::: SUPPLIED INFORMATION

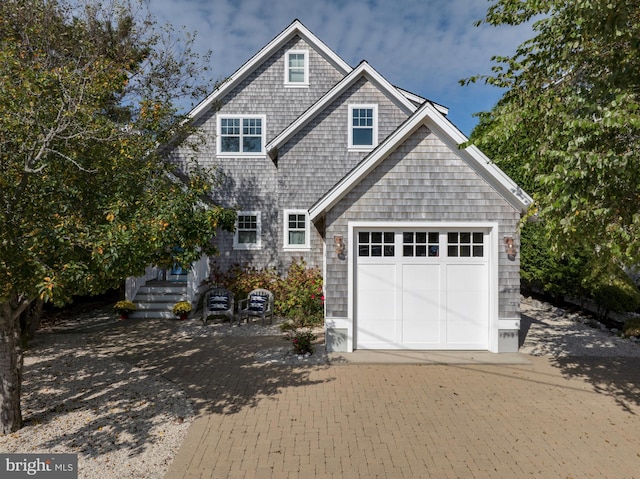 view of front of home featuring a garage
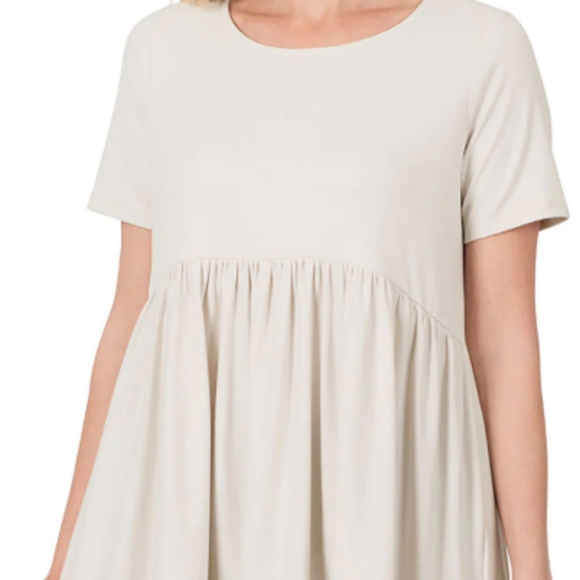 Zenana Outfitters Tops - Zenana Peplum Shirt
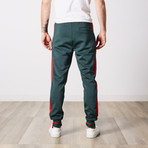 Scooters Track Pants // Green + Red (S)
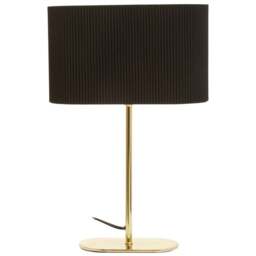 Premier Housewares Shiny Silver Table Lamp - Size: 26 x 11 x 41cm - Gold - Wilko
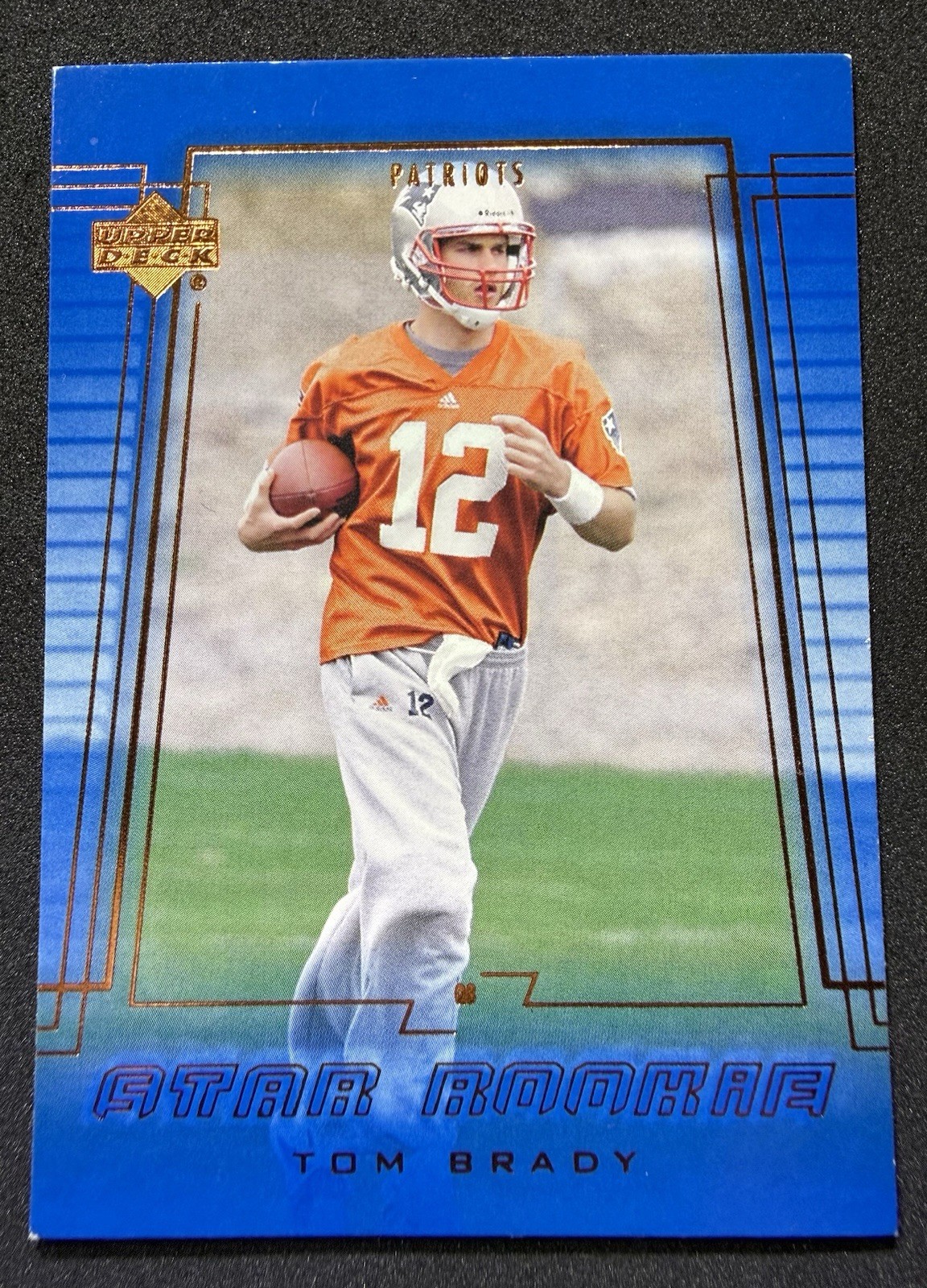 Upper Deck 2000 Star Rookie Tom Brady #254 Football New England Patriots GOAT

::::::

In the copy, include exactly the lines from the one with "Premier Housewares Shiny" through the final line of the data, both ends included, and no pictures.

◆ WRITTEN RESPONSE:
 Premier Housewares Shiny Silver Table Lamp - Size: 26 x 11 x 41cm - Gold - Wilko
 Upper Deck 2000 Star Rookie Tom Brady #254 Football New England Patriots GOAT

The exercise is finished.